# [TASK ITEM]
The whole listing is to be given again without alteration, except that its pictures are dropped.

# [DATASET EXTRACT]
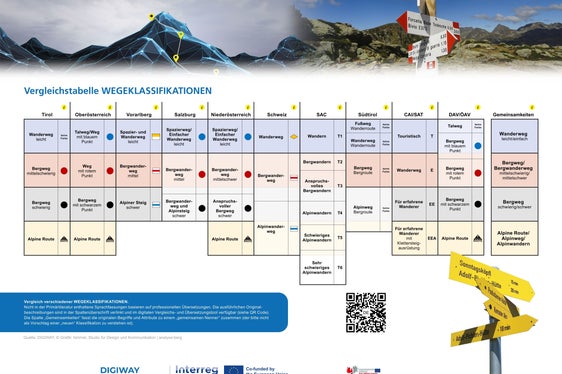 Vergleichstabelle: Wegeklassifikationen im Alpenraum auf einen Blick (Foto: Euregio)
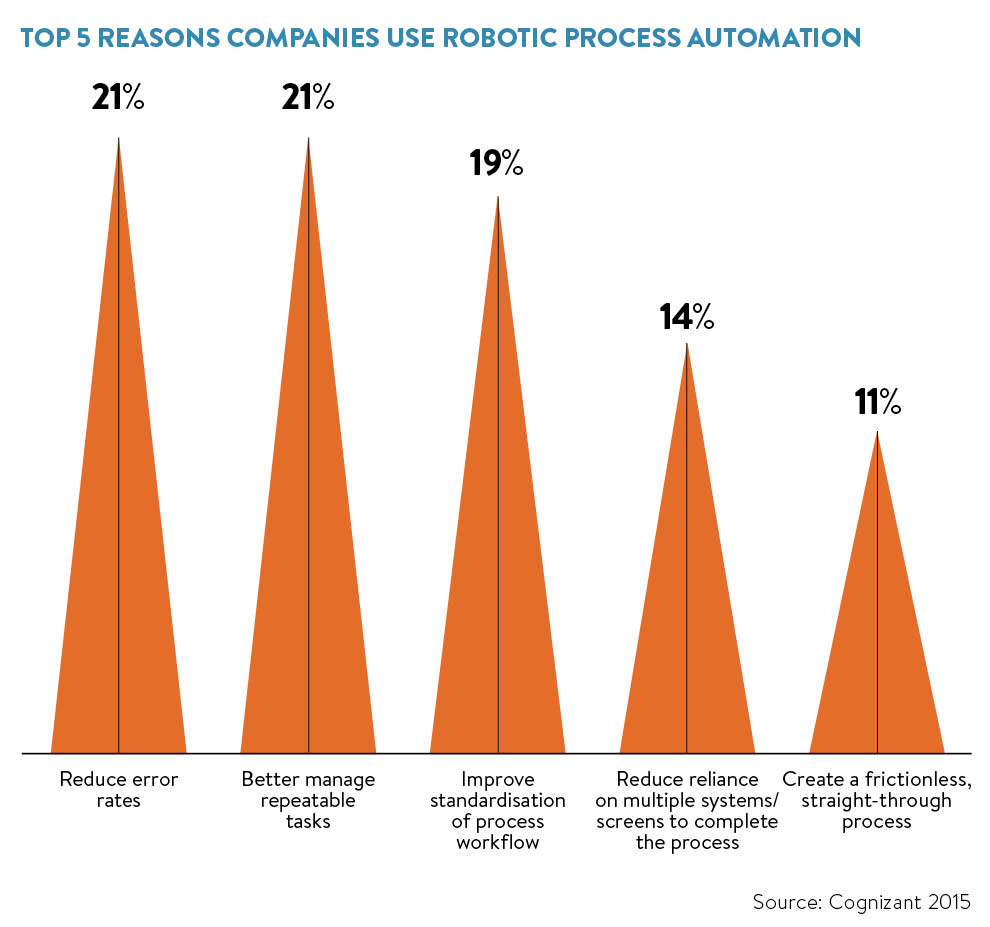 top-reasons-companies-use-robotic-process-automation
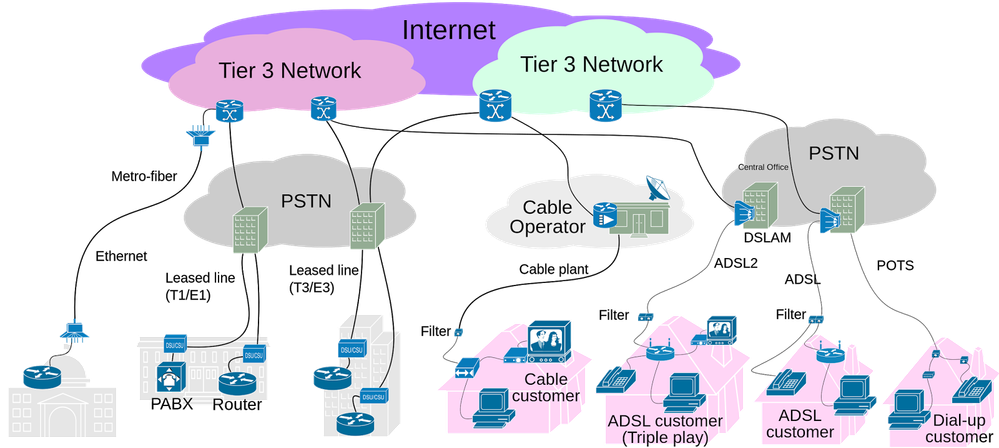 internet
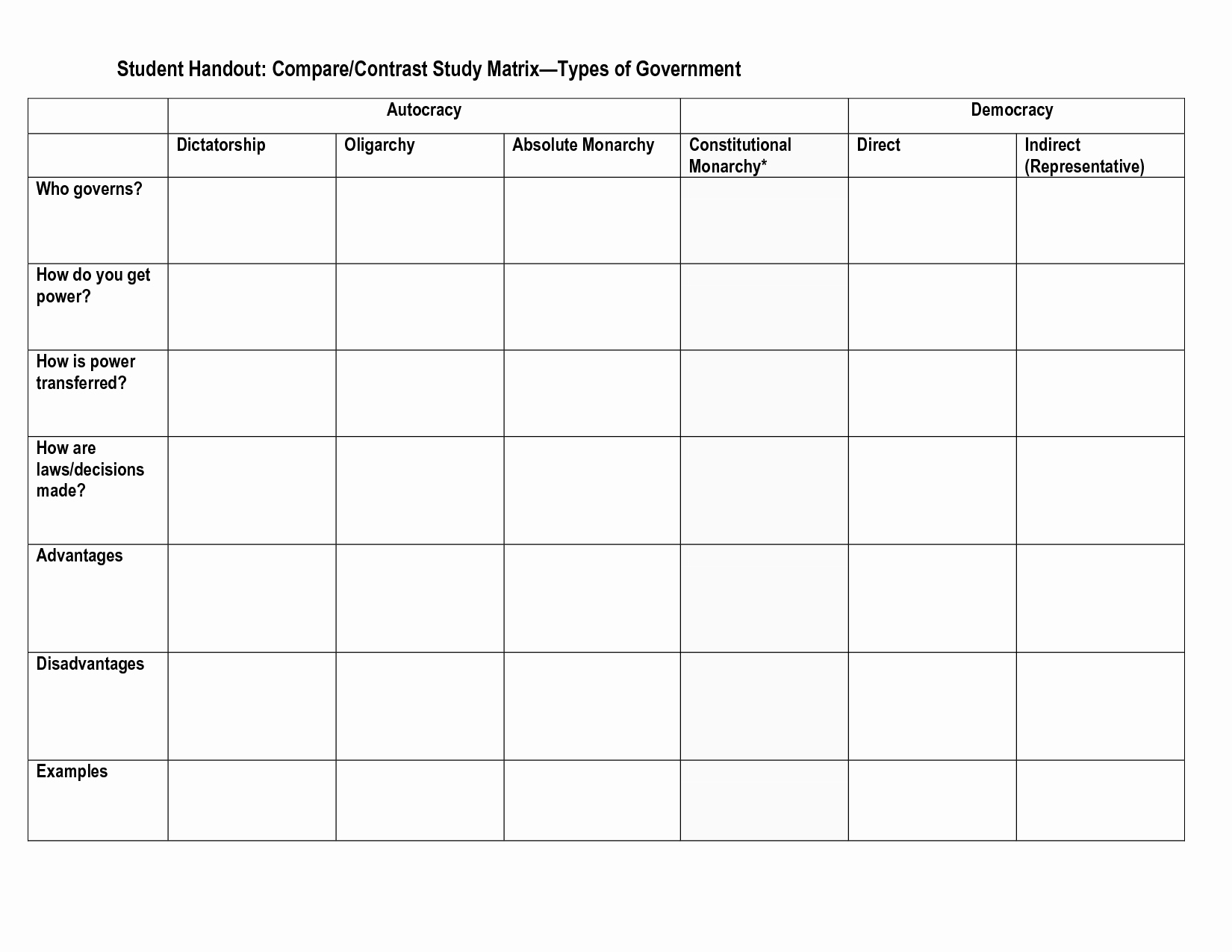 Forms Of Government Worksheet Inspirational Pare Contrast Study Matrix Types Of Government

# [OUTPUT FOR THIS EXERCISE]
 Vergleichstabelle: Wegeklassifikationen im Alpenraum auf einen Blick (Foto: Euregio)
 top-reasons-companies-use-robotic-process-automation
 internet
 Forms Of Government Worksheet Inspirational Pare Contrast Study Matrix Types Of Government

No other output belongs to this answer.